Segment Start: Record excerpts
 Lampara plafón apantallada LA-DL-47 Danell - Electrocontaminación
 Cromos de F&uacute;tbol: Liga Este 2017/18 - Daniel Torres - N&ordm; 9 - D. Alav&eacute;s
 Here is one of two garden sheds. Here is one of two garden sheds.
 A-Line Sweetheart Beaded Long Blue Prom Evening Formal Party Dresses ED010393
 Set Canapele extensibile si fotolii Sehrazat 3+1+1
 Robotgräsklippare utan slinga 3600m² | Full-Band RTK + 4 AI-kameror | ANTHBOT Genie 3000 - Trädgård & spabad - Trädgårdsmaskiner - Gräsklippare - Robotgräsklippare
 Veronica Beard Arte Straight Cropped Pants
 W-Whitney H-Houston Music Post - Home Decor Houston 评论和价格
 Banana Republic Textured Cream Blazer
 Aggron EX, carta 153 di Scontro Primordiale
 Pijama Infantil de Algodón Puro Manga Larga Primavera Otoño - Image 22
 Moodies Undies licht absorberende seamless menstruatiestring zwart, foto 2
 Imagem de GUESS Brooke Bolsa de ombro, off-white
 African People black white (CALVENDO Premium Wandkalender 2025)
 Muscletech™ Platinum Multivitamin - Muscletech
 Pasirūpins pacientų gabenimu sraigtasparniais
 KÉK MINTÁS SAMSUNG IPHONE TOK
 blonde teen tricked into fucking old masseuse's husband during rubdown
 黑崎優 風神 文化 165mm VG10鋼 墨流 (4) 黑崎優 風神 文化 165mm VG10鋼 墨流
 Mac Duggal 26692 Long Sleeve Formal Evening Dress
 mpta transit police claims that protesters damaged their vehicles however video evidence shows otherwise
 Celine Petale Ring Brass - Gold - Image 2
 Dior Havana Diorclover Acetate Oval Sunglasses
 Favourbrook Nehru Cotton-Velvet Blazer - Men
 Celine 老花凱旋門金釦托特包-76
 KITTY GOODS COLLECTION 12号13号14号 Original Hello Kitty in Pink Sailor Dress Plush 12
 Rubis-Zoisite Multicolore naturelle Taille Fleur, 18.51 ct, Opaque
Segment End: Record excerpts
### [Task to carry out]
Looking at the records above, state the number of lines where the word "Blazer" occurs, and write nothing beyond it.

### [Exercise answer]
2